Replace missing data
I know this is a duplicate but since I failed to find it with ten minutes of searching:
x = {2, 0, 0, 7, 0, 3, 0, 0, 1};
FoldList[If[#2 == 0, #, #2] &, x]
{2, 2, 2, 7, 7, 3, 3, 3, 1}
To handle leading zeros:
x = {0, 7, 0, 3, 0, 0, 1};
FoldList[If[#2 == 0, #, #2] &, SelectFirst[x, # != 0 &], Rest @ x]
{7, 7, 7, 3, 3, 3, 1}
The case without leading zeroes can also be handled nicely using Split, borrowed from Leonid's method for Fill out blanks with a upcoming number in a list?:
x = {2, 0, 0, 7, 0, 3, 0, 0, 1};
Join @@ Accumulate /@ Split[x, #2 == 0 &]

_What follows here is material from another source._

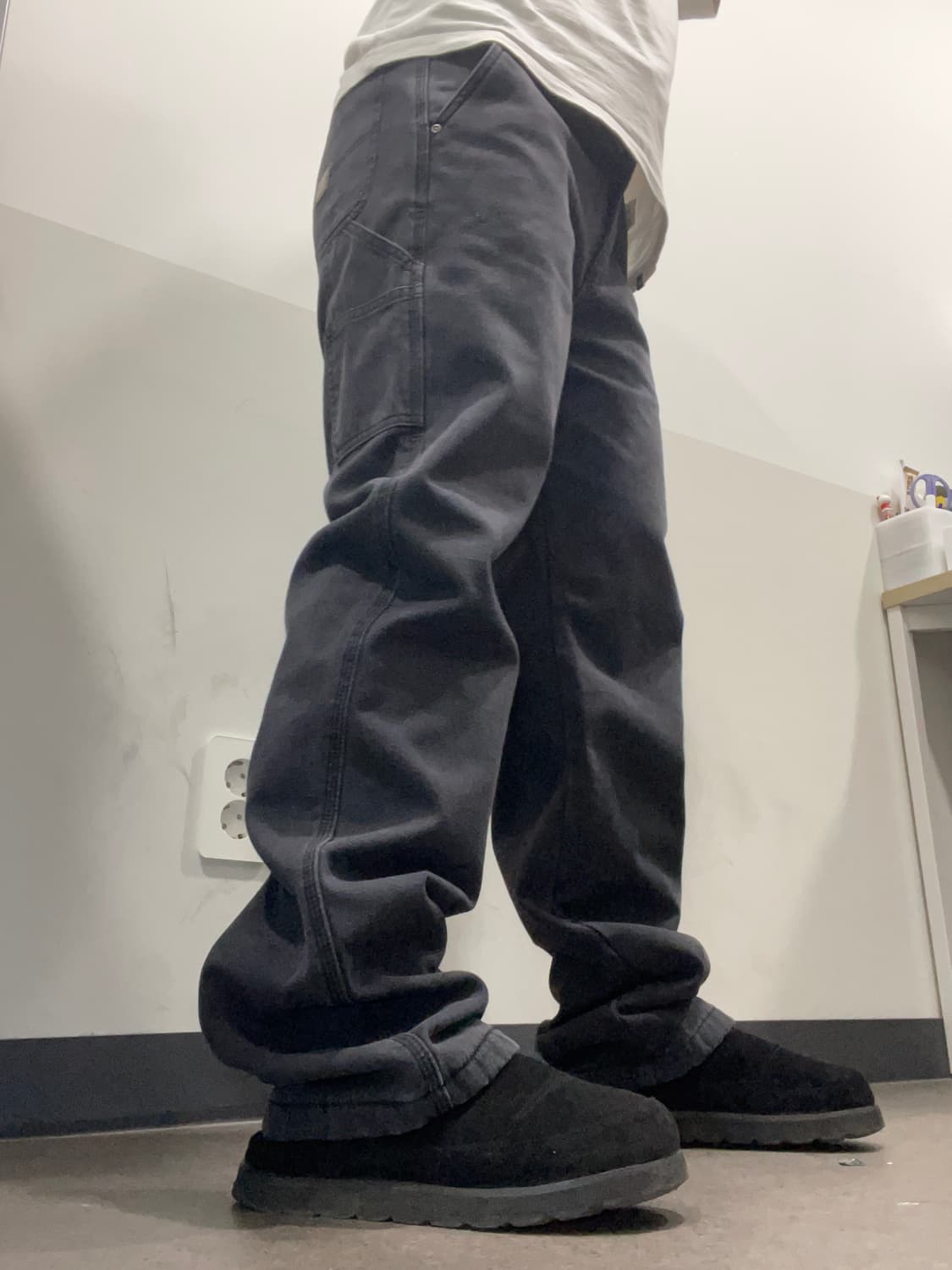 Stanley 스탠리 플리스 카펜터 팬츠 상품이미지1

{2, 2, 2, 7, 7, 3, 3, 3, 1}
The leading zeros can be handled by prepending the first non-zero value to the list, then applying Rest at the end.

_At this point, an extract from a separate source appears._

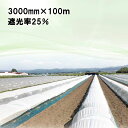 3000mm×100m 白 遮光率25% ラウンドクール 遮光ネット 寒冷紗 JX ANCI タS 代引不可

For Q2 I think all you need is to convert either method to a function and map it:
fn[x_] := FoldList[If[#2 == 0, #, #2] &, SelectFirst[x, # != 0 &], Rest @ x]

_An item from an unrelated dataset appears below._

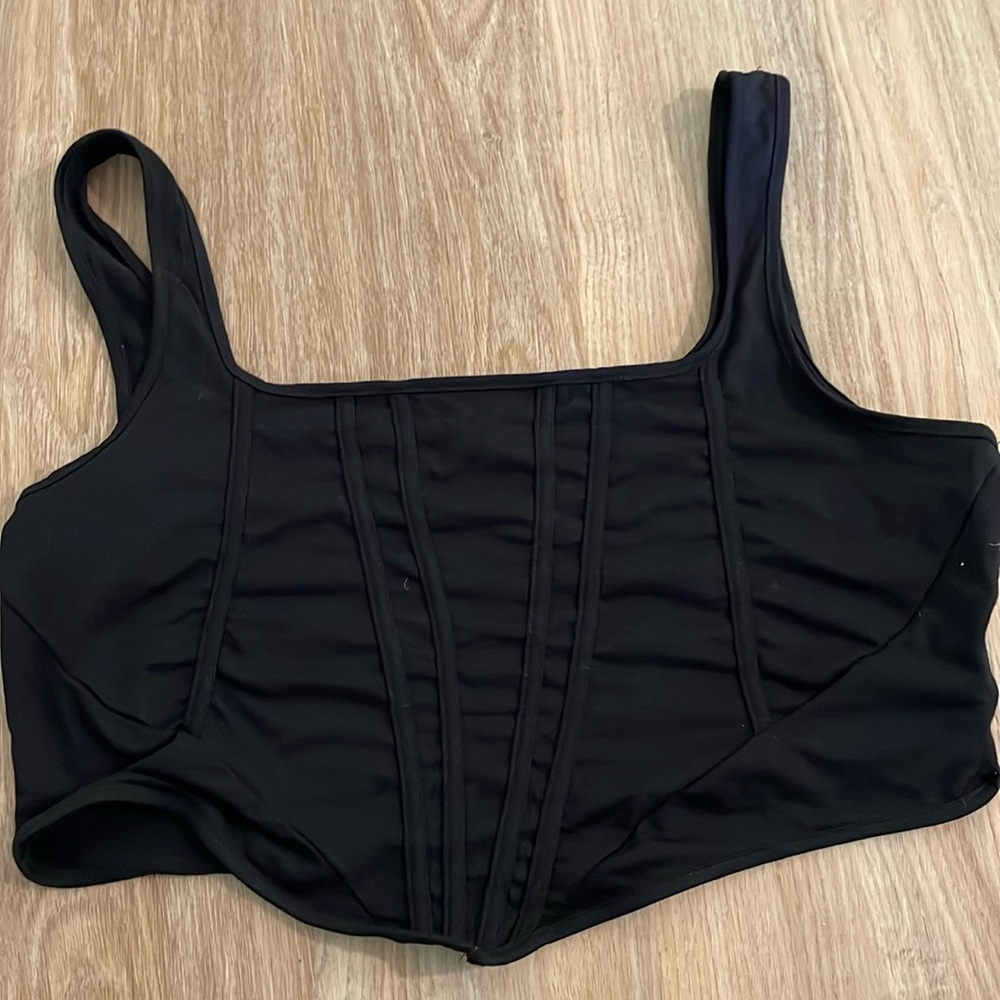 Shein corset crop top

fn /@ {{2, 0, 0, 7, 0, 3, 0, 0, 1}, {0, 1, 2, 7, 0, 3, 0, 0, 1}}
{{2, 2, 2, 7, 7, 3, 3, 3, 1}, {1, 1, 2, 7, 7, 3, 3, 3, 1}}
TemporalData + MissingDataMethod
ClearAll[interpolateMissing]
interpolateMissing = Quiet @ TemporalData[# /. 0 -> Missing[], Automatic,
MissingDataMethod -> {"Interpolation", InterpolationOrder -> 0}]["States"] &;
Examples:
interpolateMissing @ {1, 0, 2, 0, 3}
{{1, 1, 2, 2, 3}}
interpolateMissing @ {0, 7, 0, 3, 0, 0, 1}
{{7, 7, 7, 3, 3, 3, 1}}
interpolateMissing @ {0, 0, 0, 0, 7, 0, 3, 0, 0, 1}
{{7, 7, 7, 7, 7, 7, 3, 3, 3, 1}}
At the price of extra pair braces in the output when the input is a list, we get the second requirement
How can I expand it to go over matrices of equal-length-vectors?
for free, since interpolateMissing works as is when the input is an array:
interpolateMissing @ {{1, 0, 2, 0, 3, 0, 1}, {0, 7, 0, 3, 0, 0, 1}}
{{1, 1, 2, 2, 3, 3, 1}, {7, 7, 7, 3, 3, 3, 1}}
Note: Quiet is used to suppress the following warning:
InterpolatingFunction::dmval: Input value {0} lies outside the range of data in the interpolating function. Extrapolation will be used. >>
By the way, Extrapolation is exactly what we need to handle cases with leading zeros according to requirement (3).